Antiretroviral drug summary: Delavirdine (DLV; Rescriptor)
Last updated on Sep 24, 2007
Since DLV is not used for initial therapy and rarely used for salvage therapy, there are few studies describing the mutations emerging during DLV treatment. These studies suggest that K103N, Y181C, and P236L are the most common mutations DLV-selected mutations. Each reduces DLV susceptibility about 50-fold, although the precise reduction in susceptibility on other NNRTI resistance mutations and several common polymorphic mutations that synergistically reduce susceptibility (Ceccherini-Silberstein et al. 2007; Rhee et al. 2006).
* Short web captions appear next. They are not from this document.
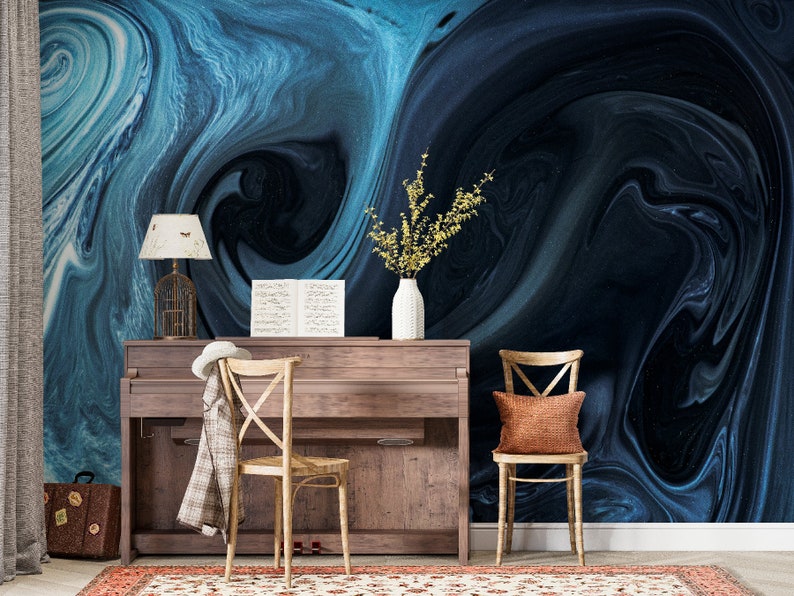 Watercolor Blue Peel and Stick Wallpaper Blue Sky Abstract Etsy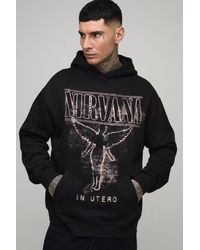 BoohooMAN - Tall Oversized Nirvana License Print Hoodie - Lyst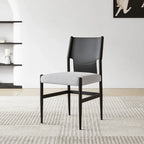 Italian Minimalist High-Back Dining Chair with Saddle Leather Contrast Upholstery Main Product Image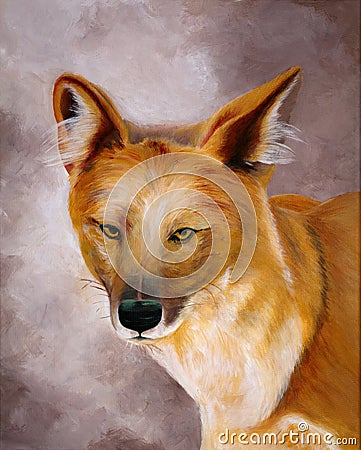 Original painting of a Asiatic wild dog, a child art Stock Photo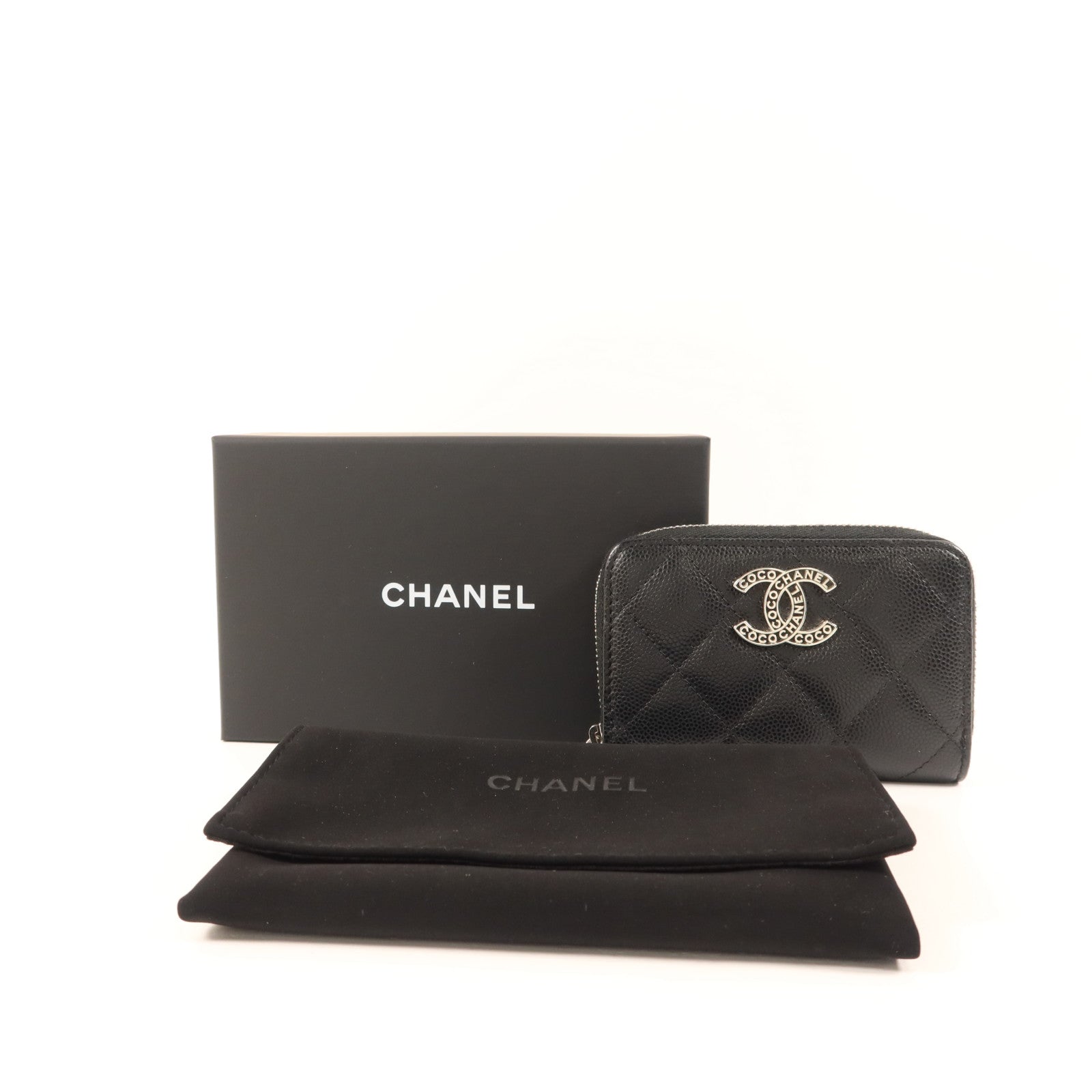 CHANEL 牛皮皮革Card Case銀扣卡片套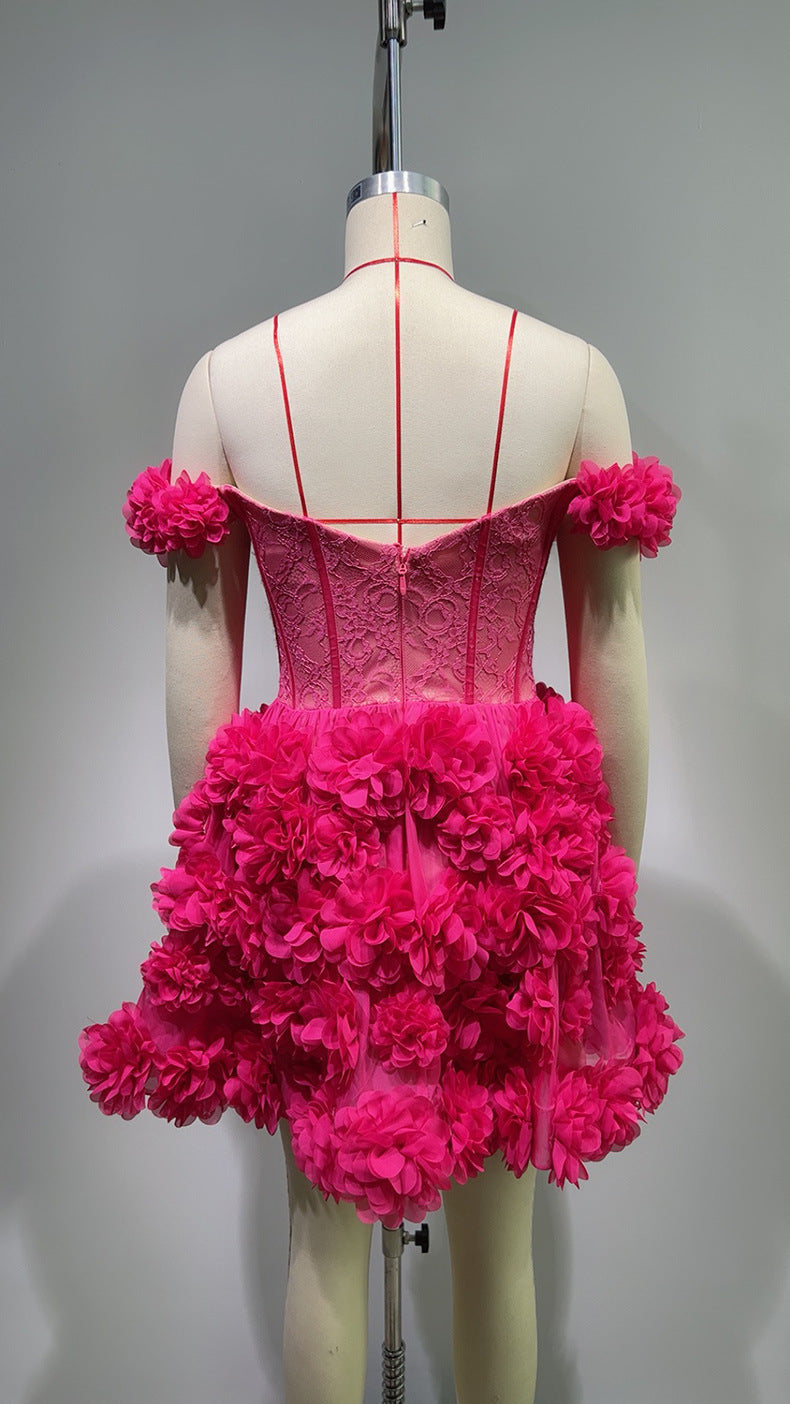 European And American Women's Clothing Handmade Flower Dress Gauze Skirt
However, nearly all NNRTI-associated mutations, even those not reported to have been selected by DLV are likely to be associated with clinically significant reduced susceptibility with several exceptions: (i) G190A/S are associated with increased DLV susceptibility. Anecdotal case reports have suggested that this may provide a clinical benefit in some patients. However, the fact that NNRTI use often leads to the selection of multiple NNRTI-resistance variants including some as minor variants suggests that not all patients with these mutations will benefit from DLV treatment. The effects of other mutations at position 190 are more variable. For example, the third most common mutation, G190E is associated with intermediate DLV resistance. (ii) Mutations at position 188 generally have a greater phenotypic effect on NVP and EFV than on DLV, although the magnitude of the difference and the unreliable pharmacokinetics of DLV make this observation unlikely to be clinically relevant. (iii) P225H and F227L are each associated with increased DLV susceptibility. However, the fact that these mutations are accessory mutations that are nearly always associated with other NNRTI mutations such as K103N and V106A make this observation unlikely to be clinically relevant.
The US DHHS and IAS-USA Guidelines do not recommend DLV as a preferred or alternative NNRTI for initial therapy (Hammer et al. 2006; US DHHS Panel 2006).
The US DHHS and IAS-USA Guidelines do not recommend DLV for use as second-line therapy (Hammer et al. 2006; US DHHS Panel 2006). Anecdotal reports suggest that DLV may be useful in treating some patients with viruses that contain the mutations G190A or G190S with no other NNRTI-resistance mutations or in pharmacokinetic boosting of PIs in patients that cannot receive RTV.